How does this compare to the SLIF?

My issues with the SLIF are:

  • Longest token matching is too naive – solved by longest-acceptable-token matching which makes it easier to nest sublanguages, e.g. strings without including the quotes in the string lexeme.

  • No regex integration – this DSL can include Perl regexes

  • Rule actions are separated from the rules – actions can be specified inline. As a tradeoff this sacrifices the flexibility to pair the same grammar with other action implementations. Workaround: use the actions to generate an AST, then use that for various tasks.

  • Too much boilerplate code – here you just ->new(string => $grammar)->parse($source).

  • Most rules must be made explicit – this DSL is happy to autogenerate rules. As a tradeoff this currently makes debugging more difficult, but that will be addressed in the future.

Some features of the SLIF/Marpa are completely ignored for now:

  • Non-prioritized rules. This DSL assumes that a language designer does not embrace ambiguity and can prioritize all productions. Compare how a PEG handles alternatives.

  • The SLIF's two-level grammar is good for performance but ultimatively confusing. This DSL offers regexes as a lower-level.
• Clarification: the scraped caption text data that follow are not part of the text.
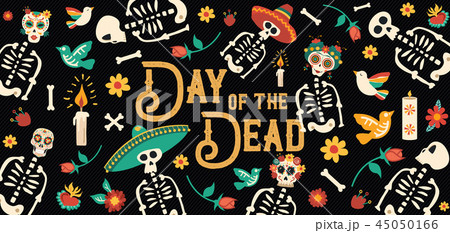 Day of the dead mexican skull celebration card 45050166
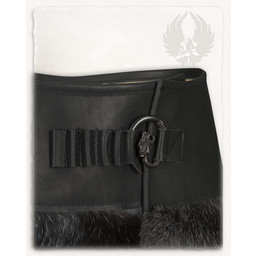 Karya fur skirt with dragon, black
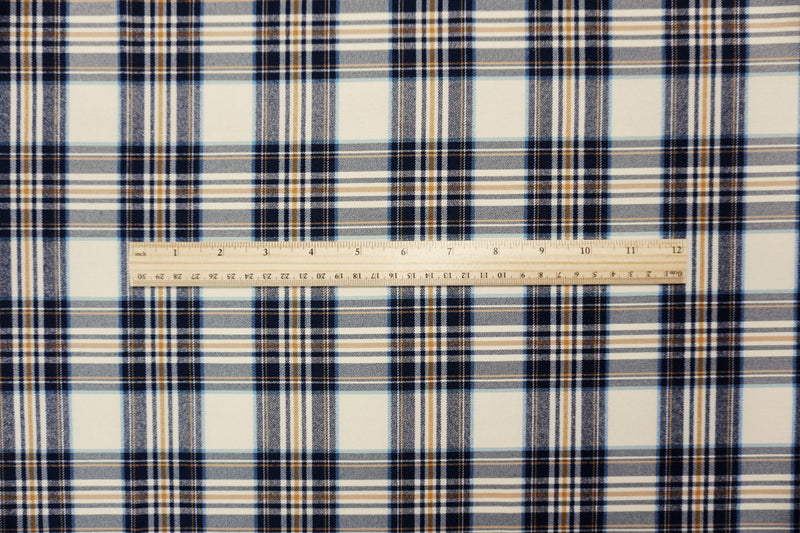 Blue-Yellow-Multi Rayon Cotton Stretch Plaid Twill Woven Fabric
  • Performance is ignored for now: The lexer uses regexes for everything, and is written in Perl. This is not going to change as the performance level is sufficient for prototyping tasks.

  • Events and procedural parsing. In the future means will be provided to manually take over parsing and to hand of parsing to another grammar generated by this DSL.
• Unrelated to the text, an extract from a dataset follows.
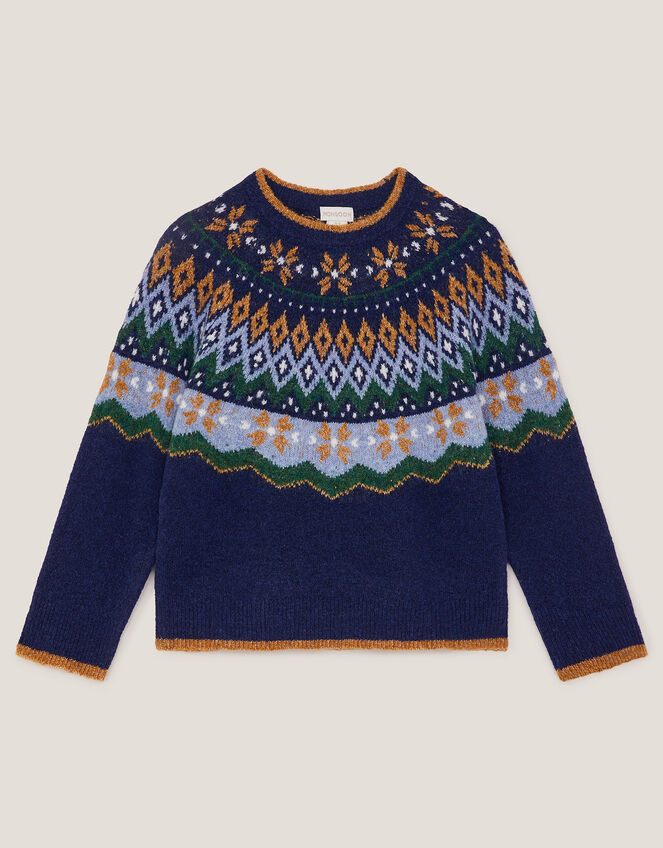 Crew Neck Fair Isle Jumper, Blue (NAVY), large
  • :discard lexemes. Right now whitespace has to be specified explicitly.

Implementation

This DSL is implemented as a SLIF grammar which generates an intermediate AST which in turn can be pretty-printed or compiled to NAIF rules. That grammar is driven by a regex-based lexer loop.

Planned features

  • A SKIP rule that is auto-inserted between expressions. I.e. this works on the grammar level, not inside the lexer.
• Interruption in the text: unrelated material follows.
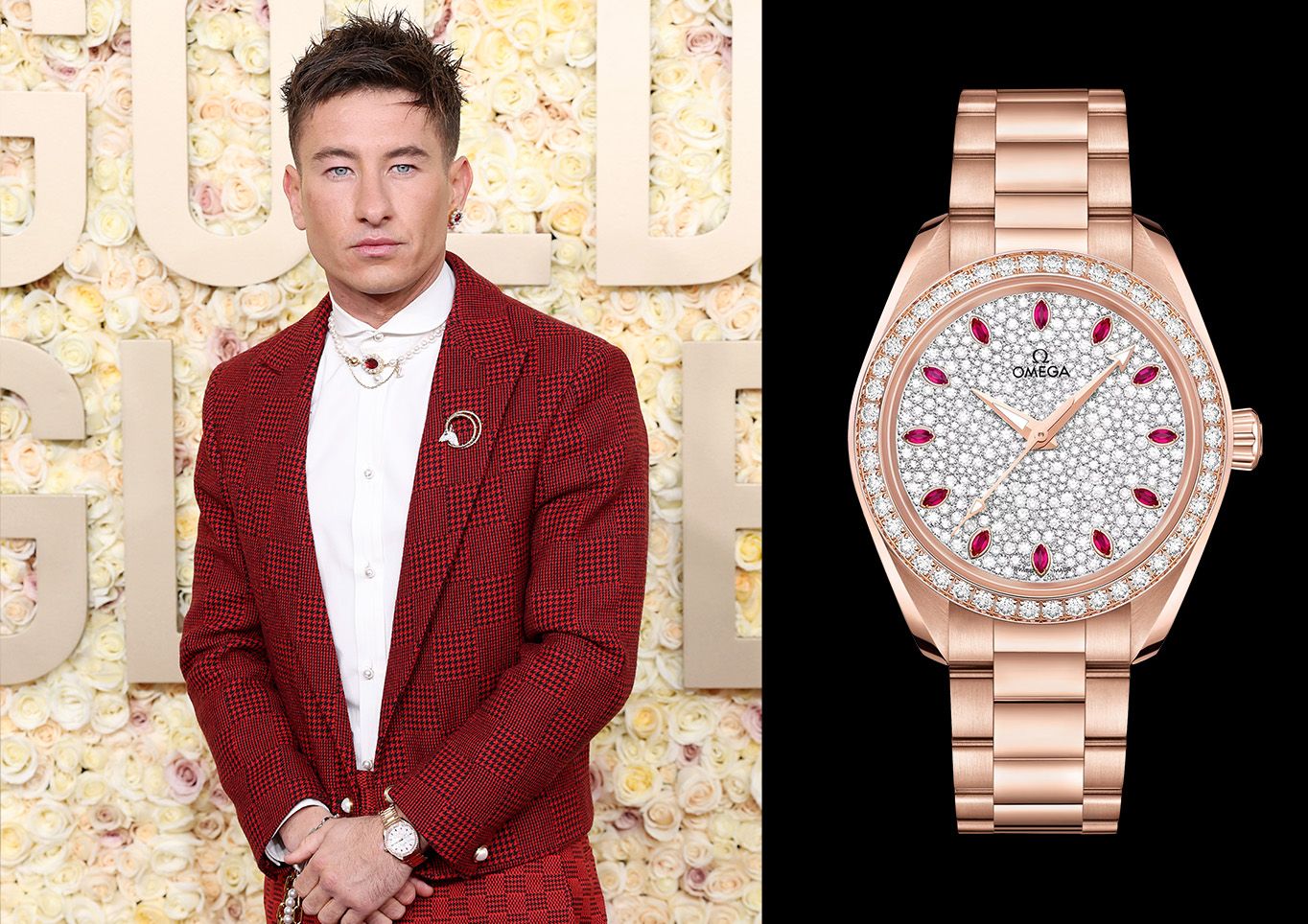 Barry Keoghan in 34mm Omega Seamaster Aqua Terra in 18K Sedna™ gold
    • A ~ operator to suppress SKIP insertion.
  • Init block to declare state variables for the actions.

  • Action references so that named actions can be re-used in the grammar.

  • Hooks for procedural parsing

  • Better error reporting that outputs not only the context of the error but also what tokens were expected. Possibly user-specified error messages.

    • Better names for autogenerated rules.
  • Didactic error reporting when parsing an user grammar.

  • A hygienic AST-based macro system to auto-generate similar rules.

  • Serialization so that a .pm file can be generated from a grammar.

    • Possibly bootstrapping of the DSL so that it can compile itself.

Installation

This module includes a cpanfile which lists the dependencies. This should allow cpanm to install directly from the repo.

Author

Lukas Atkinson

Copyright and License

Copyright (C) 2013-2014 Lukas Atkinson

This program is free software: you can redistribute it and/or modify it under the terms of the GNU General Public License as published by the Free Software Foundation, either version 3 of the License, or (at your option) any later version.

This program is distributed in the hope that it will be useful, but WITHOUT ANY WARRANTY; without even the implied warranty of MERCHANTABILITY or FITNESS FOR A PARTICULAR PURPOSE. See the GNU General Public License for more details.

You should have received a copy of the GNU General Public License along with this program. If not, see http://www.gnu.org/licenses/.

This project includes the text of the GNU General Public License version 3 in the file named "COPYING".